As for Horvat, he has been as high as 10 and as low as 28th in some drafts. Horvat, at 6'2" and 200 pounds already has an NHL body and his game has really come around lately. Initially looked upon as an early second-rounder, his play recently has allowed him to surge up draft boards.
Gauthier might be a target for the Leafs. He has a great shot, and even better, he was likely the best defensive forward in the QMJHL last year. At 6'5" and 210 pounds, Gauthier will need to gain about 20 pounds of muscle before he's ready to play in the NHL.
On most mock drafts, they have Gauthier going between 15 and 25, right in the Leafs wheelhouse. I've heard Jordan Staal like comparisons, but the Joe Colborne comparison will always be there too.
If they lose out on those guys, Curtis Lazar of the Edmonton Oil Kings, and Alex Wennberg, not Renberg, of Sweden could also be targets.
Best Case Scenario: Valeri Nichuskin, Anthony Mantha, Adam Erne
Worst Case Scenario: Ryan Hartman, Jason Dickinson, Hudson Fasching or JC Lipon
The best power forward is a real guessing game after the towering Valeri Nichuskin. Because Nichuskin is Russian and the fear he might bolt for the KHL is fresh on all teams' minds, there's a small chance he gets passed by and could fall into the mid teens, much like Mikhail Grigorenko did last year. Nichuskin is rising up draft boards and has drawn comparisons to Evgeni Malkin.
If Nichuskin is gone, I like the two power forwards out of the QMJHL to give the Leafs management a real talking point at the draft. Mantha, at over 6'4" and 200 pounds possesses an NHL-ready body. After scoring 50 goals this past season, Mantha has shown he can finish anywhere.
On the other hand, Erne is a consistent 25-plus goal scorer with a physical edge. While he isn't a big guy, he plays a big guy's game, not afraid to lay a huge body check or stand in front of the net and take abuse. Brad Marchand may be a suitable comparison at this point.
For worst case scenarios, if you can call it that, I have listed Ryan Hartman. He plays a similar game to that of David Backes, but is a little bit smaller and doesn't quite have the scoring ability. He played an integral part in the United States' World Junior Gold Medal winning team.

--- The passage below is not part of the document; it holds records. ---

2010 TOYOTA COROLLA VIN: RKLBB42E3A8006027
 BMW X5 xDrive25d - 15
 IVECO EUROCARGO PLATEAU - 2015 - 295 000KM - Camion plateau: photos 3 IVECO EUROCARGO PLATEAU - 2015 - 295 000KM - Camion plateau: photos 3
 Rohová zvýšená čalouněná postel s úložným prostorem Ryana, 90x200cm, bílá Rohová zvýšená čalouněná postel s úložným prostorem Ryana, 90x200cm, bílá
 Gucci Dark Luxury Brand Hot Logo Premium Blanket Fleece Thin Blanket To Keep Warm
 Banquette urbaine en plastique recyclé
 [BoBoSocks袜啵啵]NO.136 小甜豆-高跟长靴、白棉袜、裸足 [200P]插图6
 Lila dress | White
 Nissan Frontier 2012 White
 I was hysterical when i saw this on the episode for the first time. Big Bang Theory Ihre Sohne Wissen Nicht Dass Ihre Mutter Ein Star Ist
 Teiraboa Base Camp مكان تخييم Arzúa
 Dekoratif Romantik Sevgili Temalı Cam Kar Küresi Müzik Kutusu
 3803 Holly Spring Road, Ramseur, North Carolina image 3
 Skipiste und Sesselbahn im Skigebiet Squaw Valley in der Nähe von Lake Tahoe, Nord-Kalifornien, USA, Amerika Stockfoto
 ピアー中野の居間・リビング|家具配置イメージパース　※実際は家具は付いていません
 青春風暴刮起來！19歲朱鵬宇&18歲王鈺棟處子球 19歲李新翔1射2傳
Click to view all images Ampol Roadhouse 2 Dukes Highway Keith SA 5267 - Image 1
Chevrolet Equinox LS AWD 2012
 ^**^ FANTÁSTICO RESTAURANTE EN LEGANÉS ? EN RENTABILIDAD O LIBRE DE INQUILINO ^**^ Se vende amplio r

Jason Dickinson battled through some injuries and inconsistency to battle to a decent season with the Guelph Storm. Known for his ability to constantly be moving, Dickinson will need to add some muscle to battle in front of the net so he can use his hand-eye coordination—yet another strength of his. At 6'2" 180 pounds, Dickinson down the road could be regarded as a steal. He has top-12 talent, but will likely go between 20 and 35 at this years draft in New Jersey.
Fasching and Lipon both had good years with their respective clubs but were relatively invisible at the World Juniors for the States and Canada respectively. Lipon will be going through the draft for the third and final time, and at the age of 20, the Leafs may be able to draft him later in the draft instead.
Best Case Scenario: Hunter Shinkaruk or Valentin Zykov,
Worst Case Scenario: Pavel Buchnevich, JT Compher, Kerby Rychel, Anthony DuClair and Andre Burakovsky.
Other than Nathan MacKinnon, there's no real elite level goal scorer in this draft. Hunter Shinkaruk is likely the best there is after MacKinnon.
There's a trio of Europeans, two of which are Russians, that are quickly rising in the rankings as the NHL Draft nears.
Kerby Rychel, son of former Leaf tough guy Warren Rychel is slated to go between 15 and 30 this year. He is a pure goal scorer and can finish anywhere on the ice. It's the consistency that really concerns me and whether or not he'll show that consistency at the next level.
DuClair is a second-round talent that has been on the Leafs radar for a little bit. He probably has one of, if not the best set of wheels in the draft and has the finishing ability too. Question is, do the Leafs trade down a little bit to grab him. It might turn out to be a best case scenario if they can trade down, get DuClair and get another asset like a pick or prospect.